Little Doctor zero day: violate chat applications

Little Doctor: Hackers who wish to gain access to popular συνομιλιών (chat) για να χρησιμοποιήσουν την κάμερα και τον ήχο των χρηστών μπορούν να το κάνουν πολύ εύκολα με τη χρήση ενός worm που δημοσιεύθηκε .

At this time it is still zero day, which means that the security gap has not been repaired. Little Doctor

The framework, named “Little DoctorIs a super weapon that can violate JavaScript-based chat applications. So many popular chat applications are at risk because of their architecture. Services that have been developed in Electron, or that contain a built-in webview, are in a very difficult position.

Let's mention that the Rocket Chat application provided a patch of 13 hours after revealing, and Ryver within a day. And the Slack application makes use of WebViews, however, it seems to be safe.

Ο Αυστραλός hacker Shubham Shah και ο πρώην συνάδελφός Matt Bryant, ανέπτυξαν το framework worm και βρήκαν ένα Microsoft Azure Storage Explorer zero day.

“Αυτό το worm είναι cross-platform, και μπορεί να κλέψει αρχεία από όποια εφαρμογή έχει πρόσβαση στα APIs του WebRTC, και τα APIs” δήλωσε ο Moloch στο Kiwicon hacking held in Wellington.

The team uncovered the error in Microsoft, but after 90 days, it did not receive a response.

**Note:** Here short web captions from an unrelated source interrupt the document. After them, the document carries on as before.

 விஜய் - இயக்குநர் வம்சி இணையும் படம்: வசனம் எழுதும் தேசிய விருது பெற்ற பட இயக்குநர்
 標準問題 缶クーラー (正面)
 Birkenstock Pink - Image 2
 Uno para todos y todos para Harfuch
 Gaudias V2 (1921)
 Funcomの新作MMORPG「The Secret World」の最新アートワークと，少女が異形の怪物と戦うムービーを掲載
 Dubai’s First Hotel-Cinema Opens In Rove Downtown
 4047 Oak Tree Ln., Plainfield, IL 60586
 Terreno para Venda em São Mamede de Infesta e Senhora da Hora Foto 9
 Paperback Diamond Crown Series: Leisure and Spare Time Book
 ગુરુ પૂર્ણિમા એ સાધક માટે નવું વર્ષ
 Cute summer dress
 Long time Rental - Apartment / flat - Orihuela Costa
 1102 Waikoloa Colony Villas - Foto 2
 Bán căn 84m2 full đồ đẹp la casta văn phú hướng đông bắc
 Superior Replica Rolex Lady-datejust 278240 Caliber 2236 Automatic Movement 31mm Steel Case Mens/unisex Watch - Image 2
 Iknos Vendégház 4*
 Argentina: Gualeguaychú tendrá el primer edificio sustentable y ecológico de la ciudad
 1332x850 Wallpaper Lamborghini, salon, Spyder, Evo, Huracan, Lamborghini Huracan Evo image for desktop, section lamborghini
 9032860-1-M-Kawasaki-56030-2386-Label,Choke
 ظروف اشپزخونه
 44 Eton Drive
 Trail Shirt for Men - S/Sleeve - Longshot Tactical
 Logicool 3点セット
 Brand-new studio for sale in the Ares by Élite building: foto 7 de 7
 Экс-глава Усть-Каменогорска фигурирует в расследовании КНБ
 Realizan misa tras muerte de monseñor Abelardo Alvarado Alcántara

Το τρίο δεν σταμάτησε εκεί, αφού βρήκε και απέδειξε το στις εφαρμογές Rocket Chat και Ryver, μετατρέποντας μια επίθεση cross-site σε remote code execution για τα container .

See PoC and download Little Doctor

The Little Doctor framework is available in GitHub for all security researchers and penetration testers. The Best Technology Site in Greecefgns

Subscribe to via Email

Subscribe to this blog and receive notifications of new posts by email.

Written by giorgos

George still wonders what he's doing here ...

Leave a reply

Your email address is not published. Required fields are mentioned with *

Your message will not be published if:
1. Contains insulting, defamatory, racist, offensive or inappropriate comments.
2. Causes harm to minors.
3. It interferes with the privacy and individual and social rights of other users.
4. Advertises products or services or websites.
5. Contains personal information (address, phone, etc.).